**PROMPT**. Copy word for word the lines of the records below, beginning at the one with "Hey guys, what's" and finishing at the one with "On the left", ends included, but none of the pictures.

**DATA PROVIDED**.
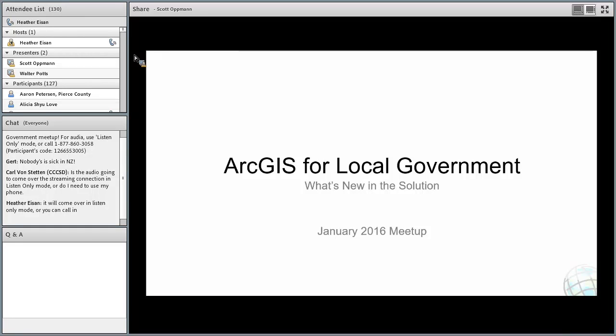Hi everybody, and welcome to today's ArcGIS for Local Government meetup. I'm Alison Muse, and I'm going to be hosting today. Scott Ottman and Walter Potts are going to be presenting What's New in ArcGIS for Local Government.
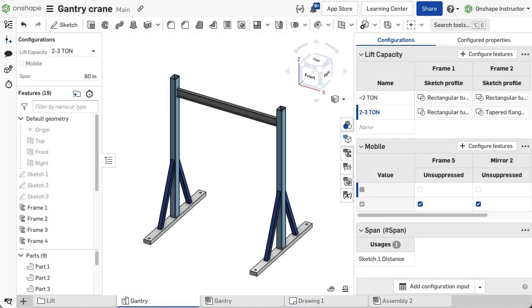This video shows that just like any other feature, frame structures can be configured to quickly and easily design a whole family of similar structures.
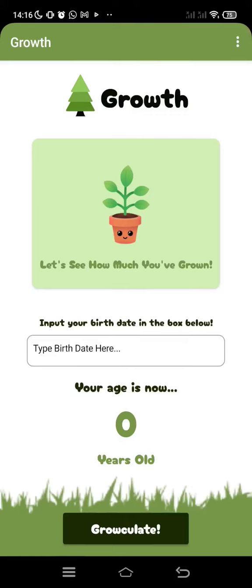Bismillah. Assalamualaikum Warahmatullahi Wabarakatuh. Hello everyone, my name is Mulana Marani Ibrahim. Back again.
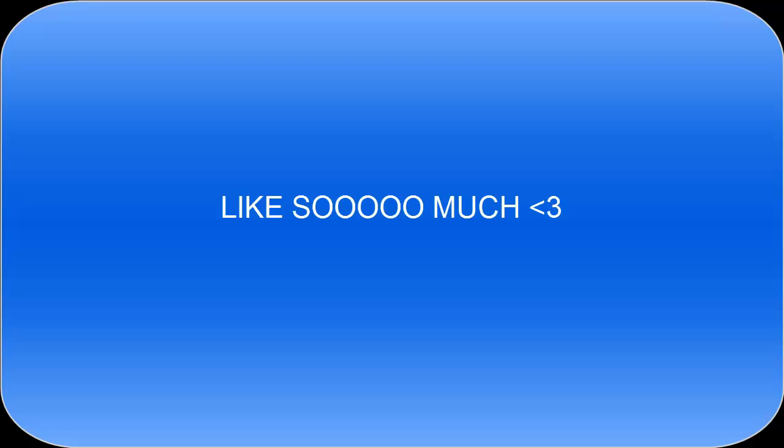So thank you so much, Evan. You mean so much to me. You've done so much for the channel. And I feel like you really did need a special part in this video for me to say thank you to you.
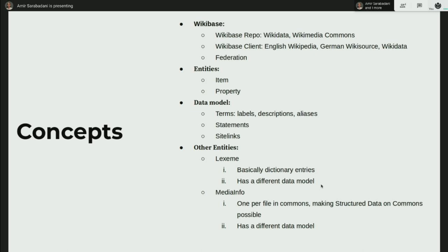Wikibase client is the part that uses the data, and a repo can be a client of its own. Currently in Wikimedia Foundation production, we have two repos: one is Wikidata, the other is Commons, and every other wiki is basically a client of these repos. This brings the concept of federation. When Wikibase first got started, we had only one repo and lots of clients, but then Structured Data on Commons happened, and we needed to have several repos that a client could reach and use the data. This is called federation.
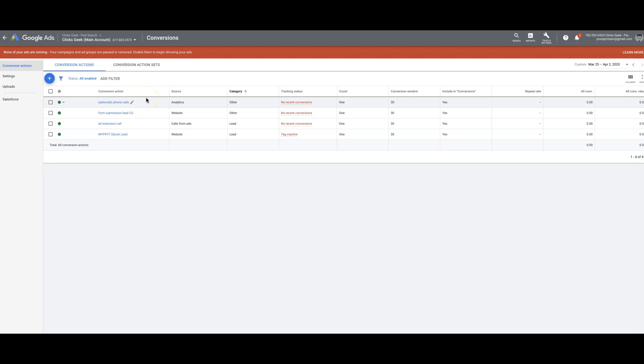Hey guys, what's going on? Rob from clicksgeek.com. I wanted to make this quick video showing you how to set up form submission conversion tracking in Google Ads.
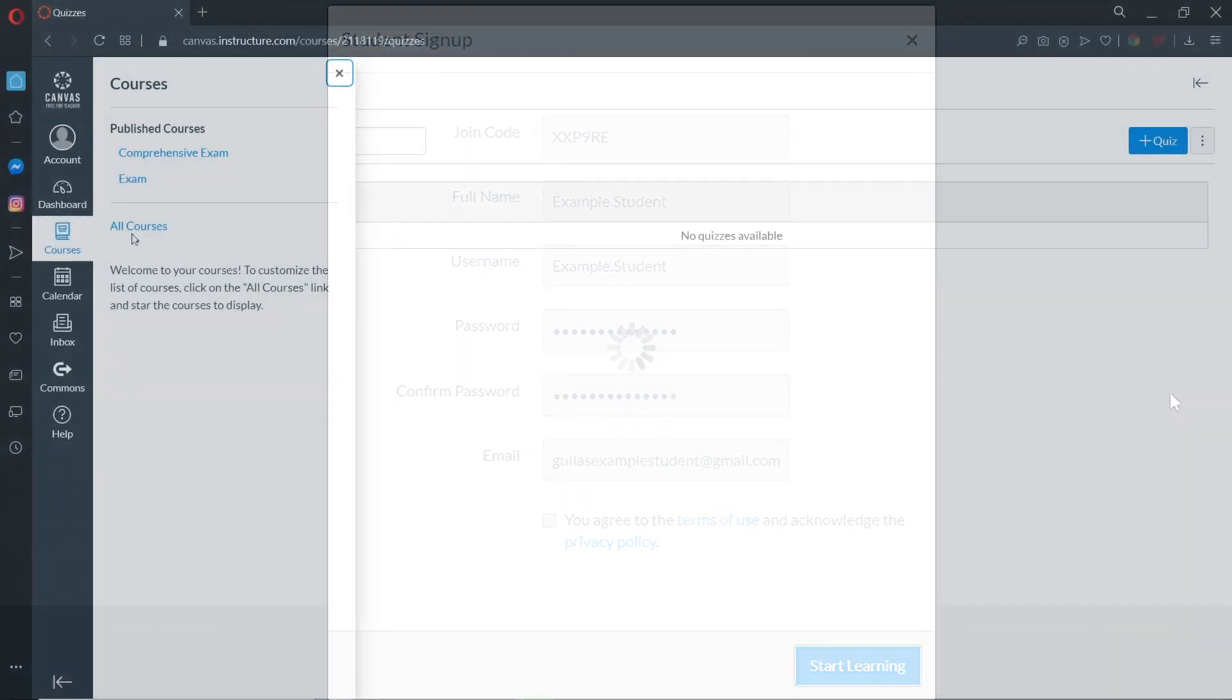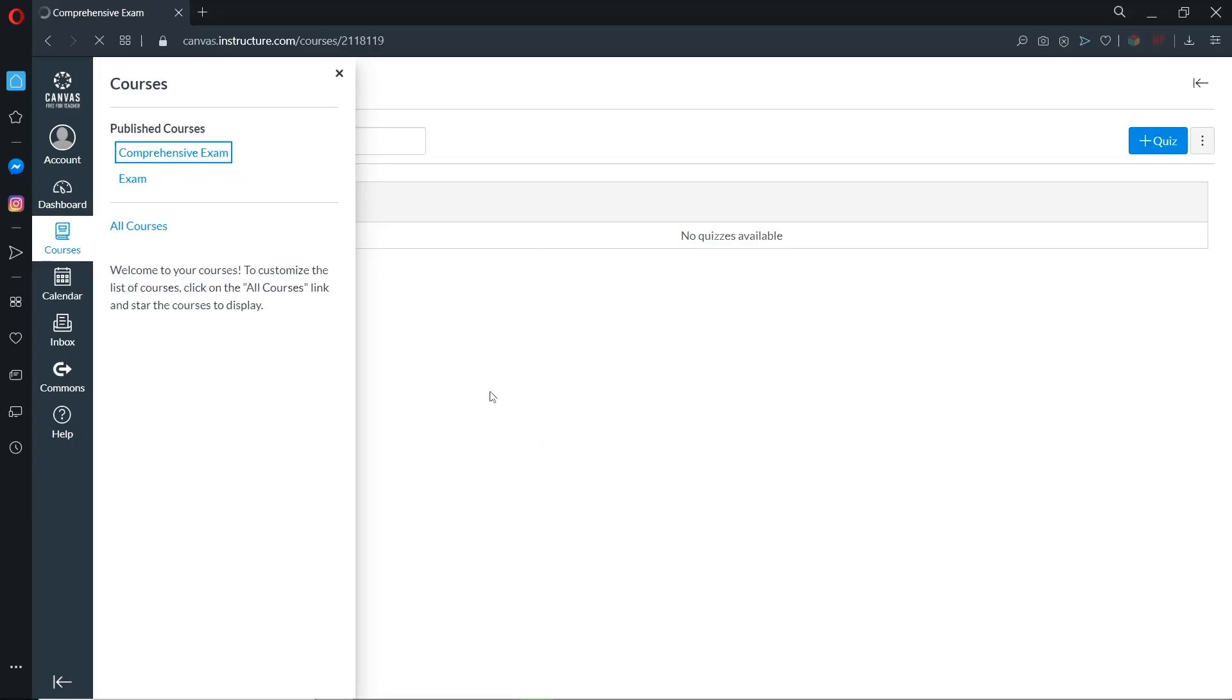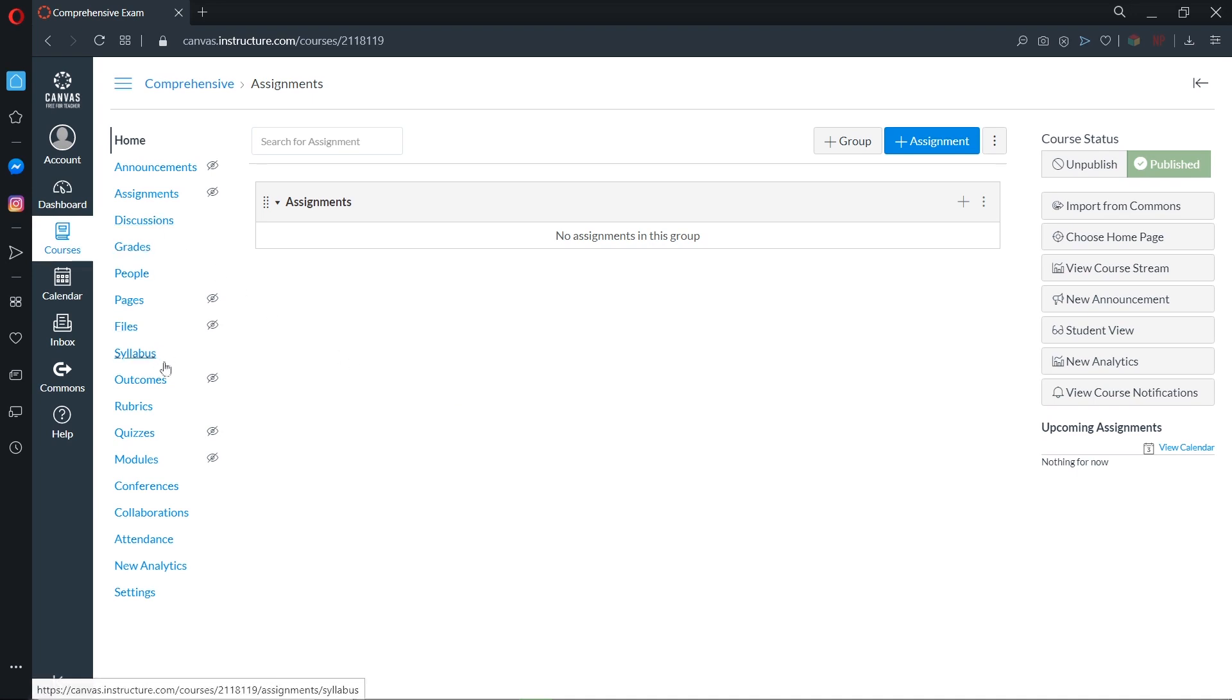On the left side, click Courses, then click the course your teacher instructed you to join, then click Quizzes.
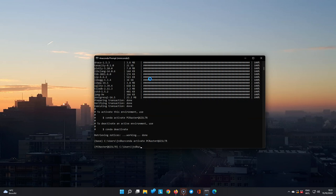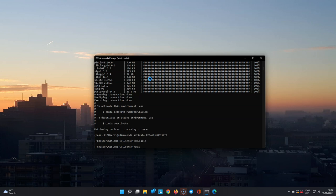After the installation is done, you can activate the environment, and then you can simply run QGIS.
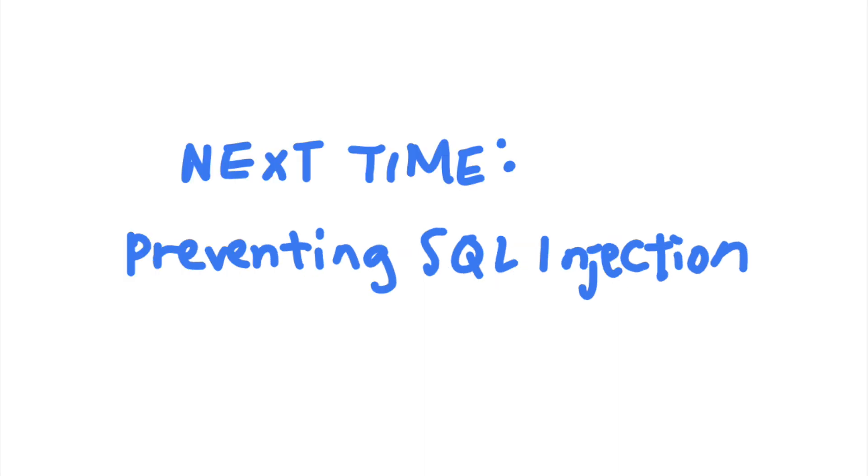You can see that SQL injection is a very serious vulnerability that you should prevent. Next time, let's talk about how you can prevent them in your web application.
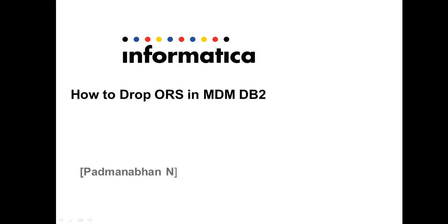Hi, welcome to Informatica global support video. This is Bhatman Arban. Today we are going to talk about how to drop schema or ORS from MDM DB2 database.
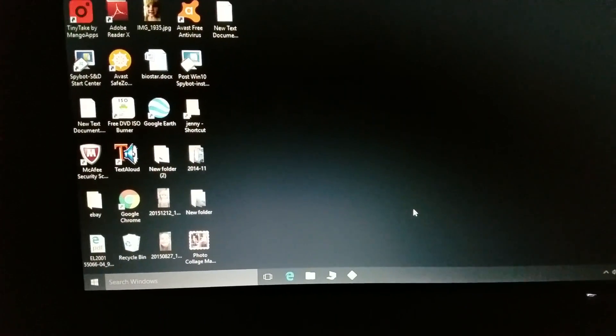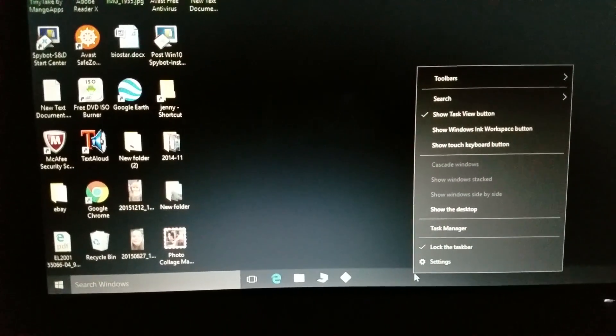This is how you disable Cortana in Windows 10. Right-click on the taskbar, click task manager.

**SOLVED EXERCISE**.
Hey guys, what's going on? Rob from clicksgeek.com. I wanted to make this quick video showing you how to set up form submission conversion tracking in Google Ads.
On the left side, click Courses, then click the course your teacher instructed you to join, then click Quizzes.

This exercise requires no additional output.